[INSTRUCTIONS TO FOLLOW] Down to the last line, reproduce the records exactly.

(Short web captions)
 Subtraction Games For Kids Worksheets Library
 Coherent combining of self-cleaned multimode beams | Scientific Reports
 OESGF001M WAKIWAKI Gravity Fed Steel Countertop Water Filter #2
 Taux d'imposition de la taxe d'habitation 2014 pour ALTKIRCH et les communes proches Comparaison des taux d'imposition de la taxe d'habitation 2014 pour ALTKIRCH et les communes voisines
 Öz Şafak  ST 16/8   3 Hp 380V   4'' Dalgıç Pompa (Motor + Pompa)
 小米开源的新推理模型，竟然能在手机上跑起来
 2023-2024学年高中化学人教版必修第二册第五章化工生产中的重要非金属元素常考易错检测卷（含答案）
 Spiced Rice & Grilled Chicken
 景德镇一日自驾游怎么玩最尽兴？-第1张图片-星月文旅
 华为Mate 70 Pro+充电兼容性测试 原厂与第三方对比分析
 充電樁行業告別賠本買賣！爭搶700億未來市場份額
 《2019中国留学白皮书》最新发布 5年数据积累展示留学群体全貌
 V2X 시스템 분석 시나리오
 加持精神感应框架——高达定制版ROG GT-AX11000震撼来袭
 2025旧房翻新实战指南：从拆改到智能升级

[TASK RESULT]
 Subtraction Games For Kids Worksheets Library
 Coherent combining of self-cleaned multimode beams | Scientific Reports
 OESGF001M WAKIWAKI Gravity Fed Steel Countertop Water Filter #2
 Taux d'imposition de la taxe d'habitation 2014 pour ALTKIRCH et les communes proches Comparaison des taux d'imposition de la taxe d'habitation 2014 pour ALTKIRCH et les communes voisines
 Öz Şafak  ST 16/8   3 Hp 380V   4'' Dalgıç Pompa (Motor + Pompa)
 小米开源的新推理模型，竟然能在手机上跑起来
 2023-2024学年高中化学人教版必修第二册第五章化工生产中的重要非金属元素常考易错检测卷（含答案）
 Spiced Rice & Grilled Chicken
 景德镇一日自驾游怎么玩最尽兴？-第1张图片-星月文旅
 华为Mate 70 Pro+充电兼容性测试 原厂与第三方对比分析
 充電樁行業告別賠本買賣！爭搶700億未來市場份額
 《2019中国留学白皮书》最新发布 5年数据积累展示留学群体全貌
 V2X 시스템 분석 시나리오
 加持精神感应框架——高达定制版ROG GT-AX11000震撼来袭
 2025旧房翻新实战指南：从拆改到智能升级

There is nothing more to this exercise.